• [Exercise brief] Which of the lines in the listing that follows hold "Gold"? Pull each one out.

• [Data listing]
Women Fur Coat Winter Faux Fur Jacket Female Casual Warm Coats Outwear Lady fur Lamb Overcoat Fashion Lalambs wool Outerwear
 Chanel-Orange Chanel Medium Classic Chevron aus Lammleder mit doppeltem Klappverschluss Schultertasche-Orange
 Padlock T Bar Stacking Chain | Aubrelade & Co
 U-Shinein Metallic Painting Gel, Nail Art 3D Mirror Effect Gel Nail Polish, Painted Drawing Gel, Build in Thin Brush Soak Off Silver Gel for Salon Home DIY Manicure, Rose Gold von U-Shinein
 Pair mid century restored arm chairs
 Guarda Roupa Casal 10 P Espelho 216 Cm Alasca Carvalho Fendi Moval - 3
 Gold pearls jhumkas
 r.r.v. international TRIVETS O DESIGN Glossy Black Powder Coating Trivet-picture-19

• [Solution for this task]
 U-Shinein Metallic Painting Gel, Nail Art 3D Mirror Effect Gel Nail Polish, Painted Drawing Gel, Build in Thin Brush Soak Off Silver Gel for Salon Home DIY Manicure, Rose Gold von U-Shinein
 Gold pearls jhumkas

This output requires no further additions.